Depressed scores raise the interest rates and fees that mortgage lenders offer. Sometimes the higher rates lead to monthly payments that are hundreds of dollars higher than they otherwise would be.
The three lawsuits charge that, under the federal Fair Credit Reporting Act, the national bureaus -- Equifax, Experian and TransUnion -- are required to follow "reasonable procedures to assume maximum possible accuracy of information in consumer [credit] reports."
Nonetheless, said William A. Harris Sr. in his complaints, each of the bureaus allows credit card giant Capital One to withhold the credit limits on its customers' card accounts -- knowing full well that such omissions frequently lower consumer credit score calculations.
Though not the only company that refuses to report credit limits, Capital One Financial is the biggest and best known. According to Barron's, the weekly investment publication, Capital One is the fourth-largest issuer of Visa and MasterCards in the United States and has 49 million customers. Capital One did not respond to a request for comment on the Harris suits, but in the past has confirmed that it withholds its customers' credit limits from the bureaus as a corporate policy
Credit industry experts say lenders withhold limits as a way to discourage raids on their customer lists by competitors. Cardholders with lower apparent scores may be less desirable to other creditors sifting through national bureau data in search of prospects.
The suits, filed in U.S. District Court in Greenville, S.C., shed fresh light on a behind-the-scenes practice that may be more common than many consumers know. When Federal Reserve Board researchers examined 310,000 individual credit files two years ago, they found that fully 46 percent of consumers were missing at least one credit limit.
Consumers who are new to the credit marketplace or have relatively few cards or other credit accounts typically are hurt the most. That's because the most widely used credit scoring system in the mortgage field -- Fair Isaac Corp.'s FICO score -- gives heavy weight to a consumer's "utilization" of his available credit. The higher the use of credit relative to the limit, the lower the score.
To illustrate, say you have a credit card with a $5,000 limit. The highest monthly balance you have ever had on the card was $2,500 -- a moderate 50 percent utilization ratio. If your card company withholds reporting your limit, however, the scoring software may substitute your highest balance in place of your actual limit to compute your ratio.
Say your most recent balance on the card was $2,000. That appears to be a very high usage of credit when your substitute limit is just $2,500, not the actual $5,000. Now you appear to have a utilization ratio of 80 percent and your credit score could be depressed significantly -- 20 to 50 points or more -- according to Terry Clemans, executive director of the National Credit Reporting Association.
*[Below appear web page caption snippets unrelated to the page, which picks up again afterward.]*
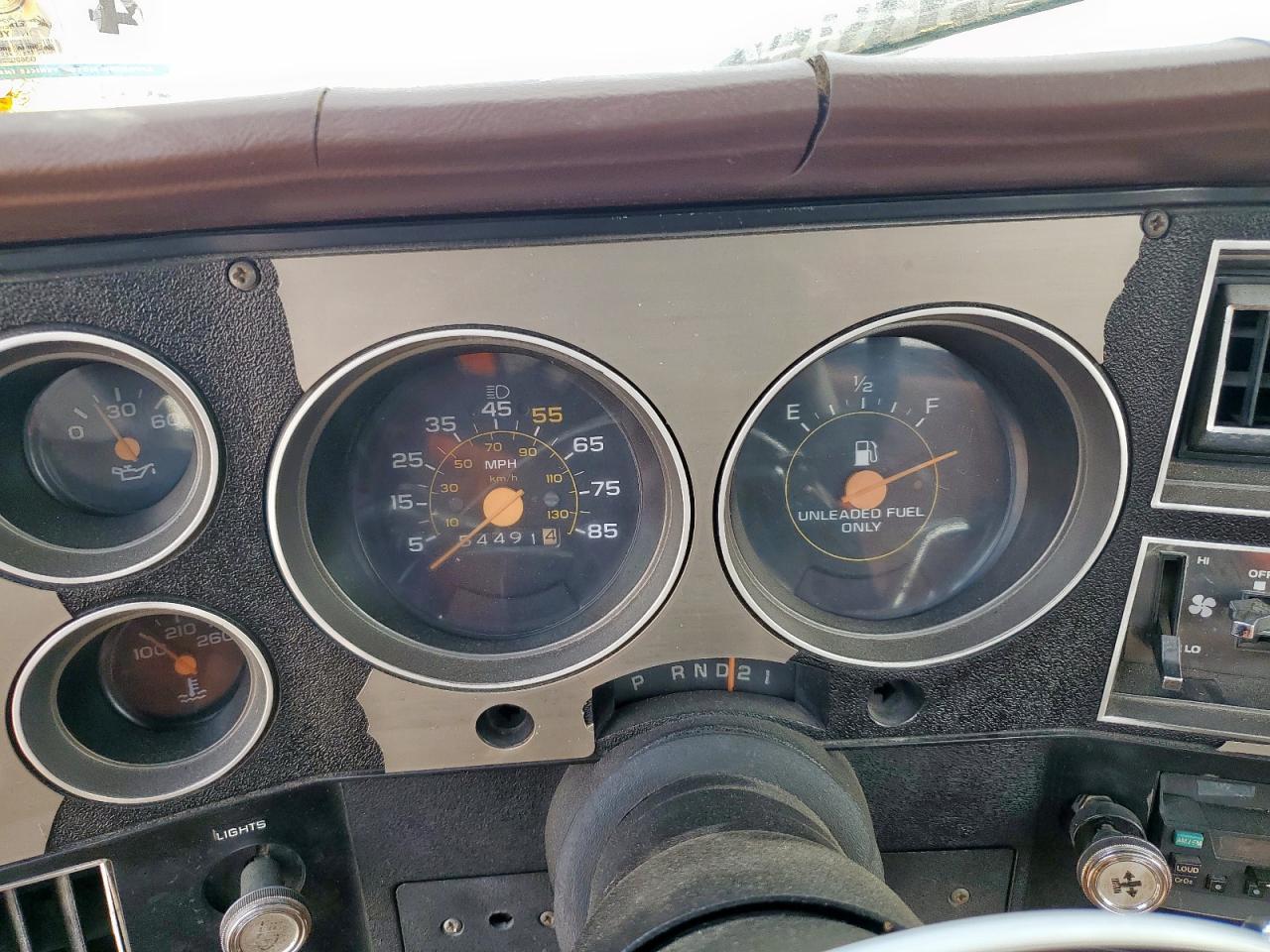 1985 GMC C1500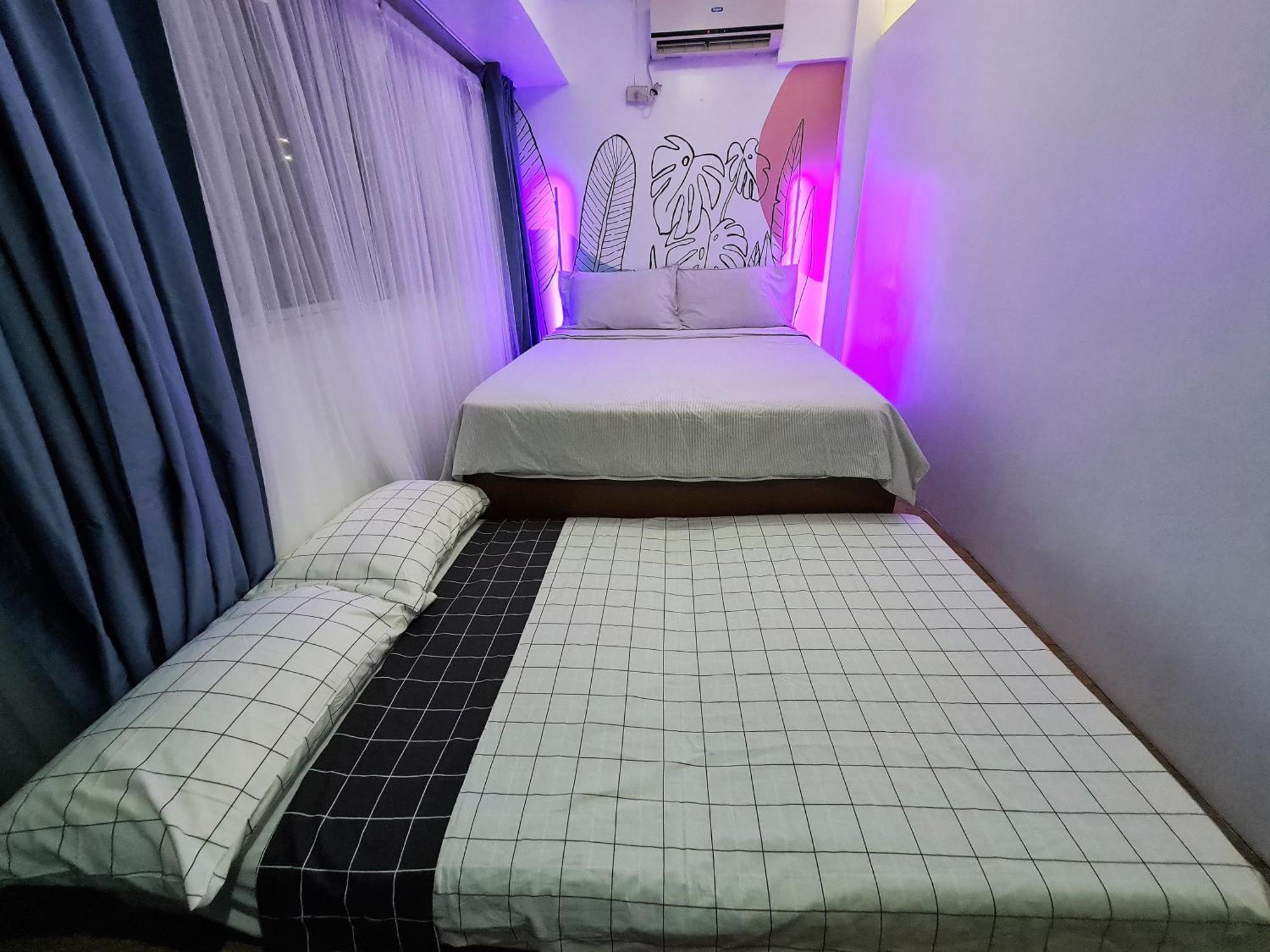 Muggle Stay Guest House - Bonifacio Global City Taguig Manila Rom bilde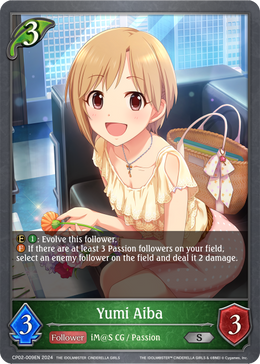Yumi Aiba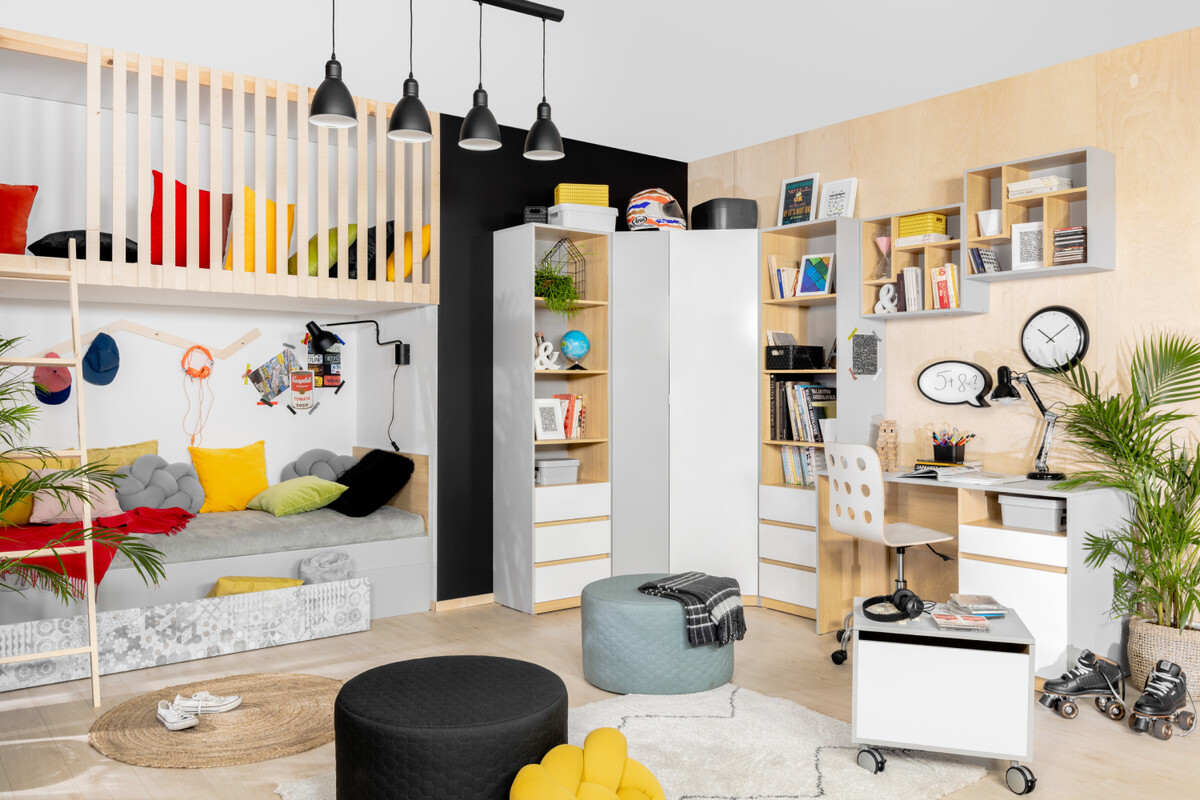 Postelja Nuevaru 104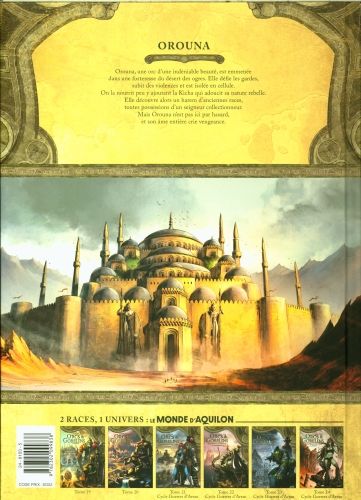 Produktbild: Orcs et Gobelins 24 - Guerres d'Arran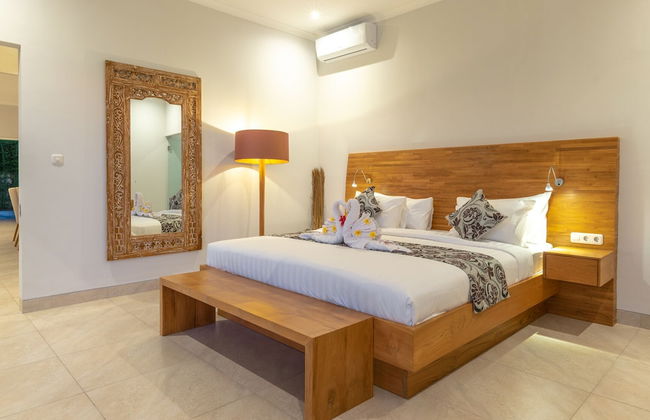 Villa IzaJay - Foto 8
A 50-point decrease could mean a 1 percentage point difference in your mortgage rate quote, according to Fair Isaac's MyFico.com Web site. On a $216,000 fixed-rate, 30-year mortgage last week, an applicant with a 660 FICO would typically be quoted 7.07 percent, or $1,447 a month in principal and interest. An applicant with a 610 FICO would be quoted 8.05 percent, with a payment of $1,592, or $145 more.
In his lawsuits, Harris charges that Capital One's "standard policy of not reporting has a substantial adverse impact on consumers. It makes it appear that many, if not most, Capital One credit card customers have used up more of their available credit than is actually the case, thereby lowering their credit scores."
Because Equifax, Experian and TransUnion know the potentially negative effects whenever a creditor withholds credit limits, the bureaus "have systematically violated the [law] by failing" to require Capital One to report all card holders' limits.
Capital One is not named as a defendant in the suits. Under the prevailing, voluntary credit system in this country, no federal law requires it, or any other lender, to report any client's data to any bureau. However, federal law does require the credit bureaus to strive to be accurate, and Harris's suits argue that Equifax, Experian and TransUnion are not in compliance.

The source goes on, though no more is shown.